Sevgili okuyucu,
İnsanlar uzunca bir süredir, yeni genç yetişkin üçlememin ilk kitabı olan Açlık Oy unları'nı yazmaya nasıl başladığımı merak ediyorlar. Sanırım bunun en önemli nedeni, bu kitabın, orta öğretim seviyesindeki okuyucular için kaleme aldığım Gregor the Overlander serisinden çok farklı olması.
Açlık Oyunları'na ilham veren asıl öğeyi tayin etmek gerçekten çok güç. Sanırım ilk tohumlar, sekiz yaşında mitoloji saplantılı bir çocuk olarak, Theseus'un hikayesini okuduğum günlerde atılmıştı. Mitolojiye göre, Atina halkı, geçmiş eylemlerinin cezası olarak, belli aralıklarla, yedi genç kız ve yedi delikanlıyı, Labirent'e kapatılacakları ve canavar Minotor'a yem olacakları Girit'e göndermek zorundaydılar. Sadece bir üçüncü sınıf öğrencisi olmama rağmen, verilen mesajın merhametsizliğini takdir edebilmiş olmalıyım. "Bizimle uğraşırsanız, sizi öldürmekten beter eder; çocuklarınızı öldürürüz."
Bunun dışında, çokça seyrettiğim, Romalıların idamları sosyal bir eğlenceye dönüştürme kabiliyetlerini dramatize eden gladyatör filmleri; askeri uzman olan babamın bizi tatillerde götürdüğü savaş alanları ve lise yıllarımda bir kılıç dövüşü kumpanyasıyla birlikte çıktığım turne bende erken dönemde iz bırakmış birkaç olay olarak sıralanabilir.
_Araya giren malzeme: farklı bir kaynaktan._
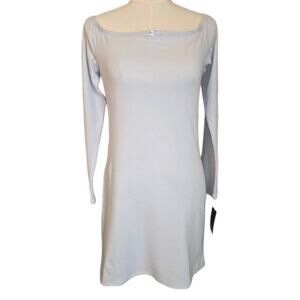 NWT L Light Blue Long Sleeve Babydoll Dress Wild Fable MSRP $22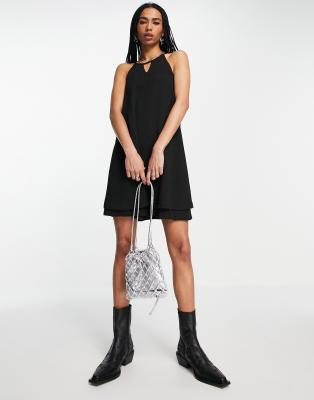 black swing mini dress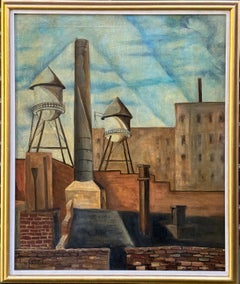 Modern Industrial American Mid 20th-Century WPA Architectural NYC Cityscape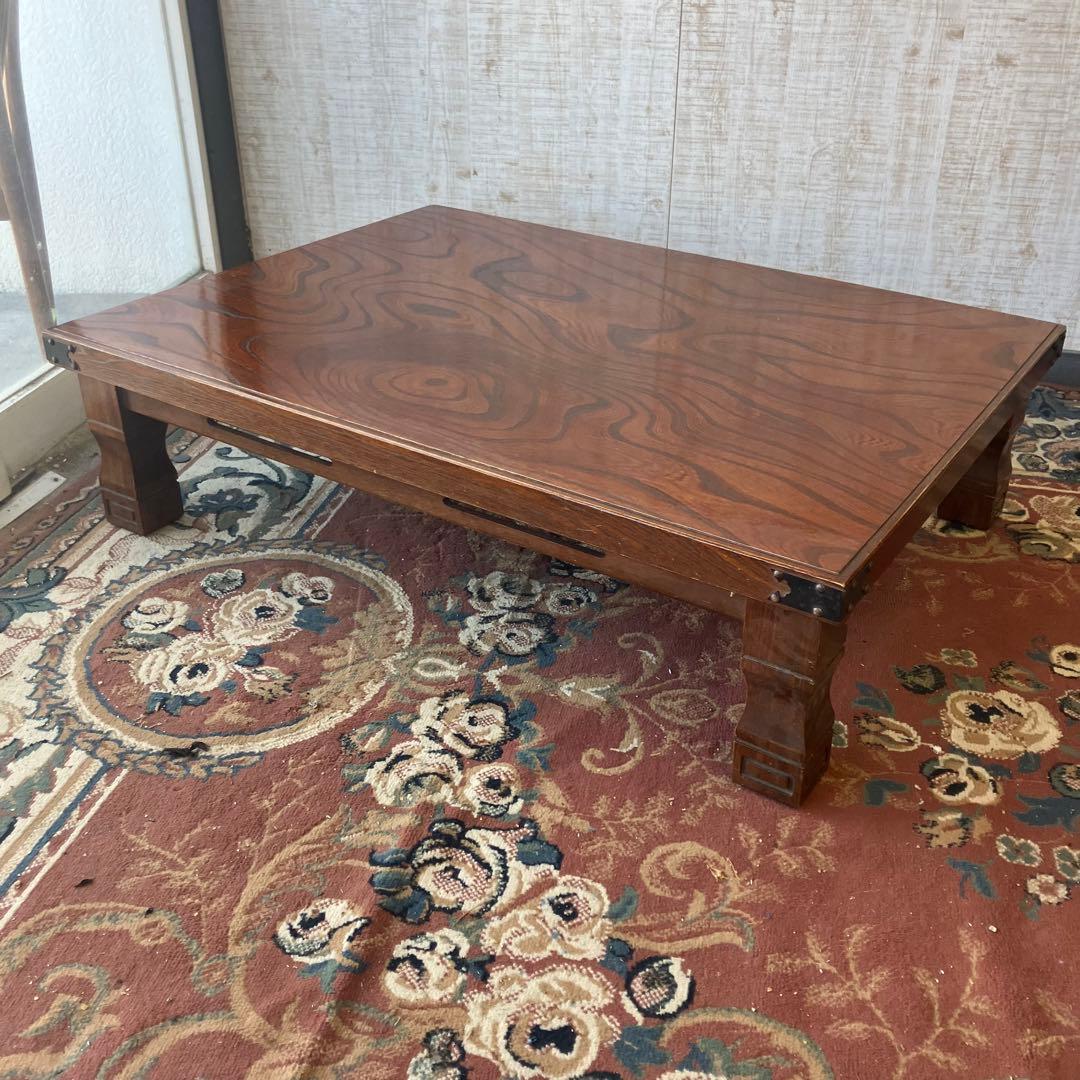 昭和レトロ 古家具 木製テーブル 大型座卓 センターテーブル ローテーブル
Ancak Katniss'in hikayesinin zihnimde canlanması, yakın zamanda reality TV programlarıyla gerçek savaş
görüntüleri arasında, kanal kanal gezdiğim döneme rastlıyor.
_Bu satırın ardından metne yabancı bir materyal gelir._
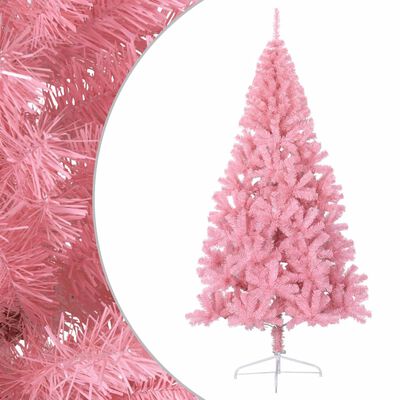 vidaXL Jumătate brad de Crăciun artificial cu suport, roz, 240 cm, PVC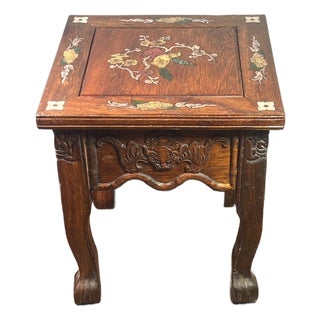 Chinese Rosewood Stool With Mother of Pearl Inlay, Carved Bat Motif Square Plant Stand For Sale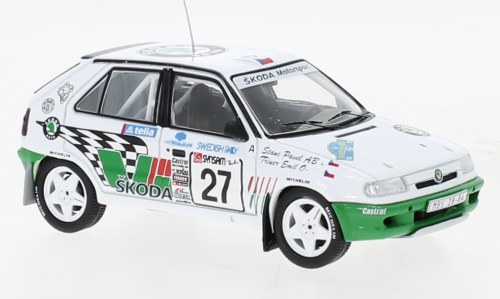 Modellino auto rally scala 1:43 Ixo SKODA FELICIA RALLYE SWEDEN 1995 TRINERSTANC rallye modellismo statico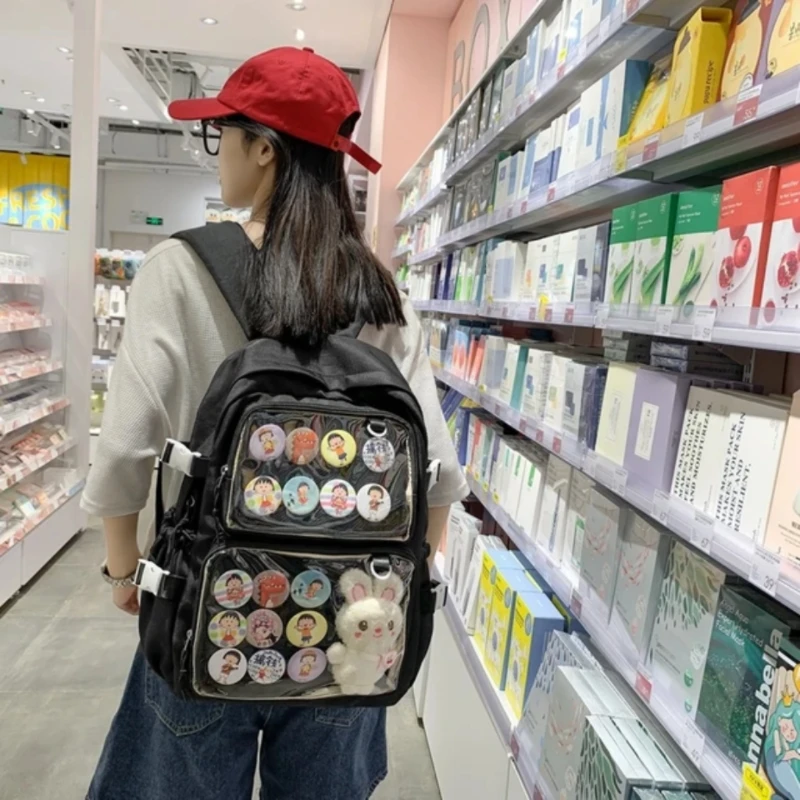 Backpack New Transparent, Lightweight, and Simple Middle School Korean Leisure Large Capacity Japanese INS Small Fresh Backpack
Belki de birinci tekil şahısla yazdığım için, Katniss kalbime çok ama çok yakın bir karakter oldu. Onun sizin kalplerinize giden yolu da keşfedeceğini umuyorum.
En iyi dileklerimle,
Suzanne Collins.
KISIM I
'HARAÇLAR'
Uyandığımda yatağımın diğer tarafı buz gibiydi. Parmaklarımı uzatıp, Prim'in sıcaklığını arıyorum ama tek bulduğum, yatağın sert kumaşı oluyor. Kötü bir rüya görüp, annemizin yanına tırmanmış olmalı. Tabii ki öyle yapmış. Bu gün, toplama günü.
Dirseğimin üstünde doğruluyorum. Odada onları görmeme yetecek kadar ışık var. Küçük kardeşim Prim, yan yatmış, bacaklarını karnına çekmiş ve sırtını anneme dayamış. Yanaklarını birbirlerine yaslamışlar. Annem uykusunda, olduğundan daha genç görünüyor. Evet, yıpranmış
bir görüntüsü var ama en azından üzerine basılıp geçilmiş gibi durmuyor. Prim'in yüzü, bir yağmur damlası kadar taze, adını aldığı çu-haçiçeği kadar hoş. Bir zamanlar annem de çok güzelmiş. Ya da en azından, öyle söylüyorlar.
Prim'in dizlerinin üstüne, dünyanın en çirkin kedisi tünemiş, ona bekçilik ediyor. Ezik bir burnu var; kulaklarından birinin yarısı yok. Gözleri çürümeye yüz tutmuş balkabağı renginde.
Prim, çamuru andıran sarı tüylerinin o parlak çiçeğe benzediğinde ısrar ederek, kediye Düğün Çiçeği adını vermişti.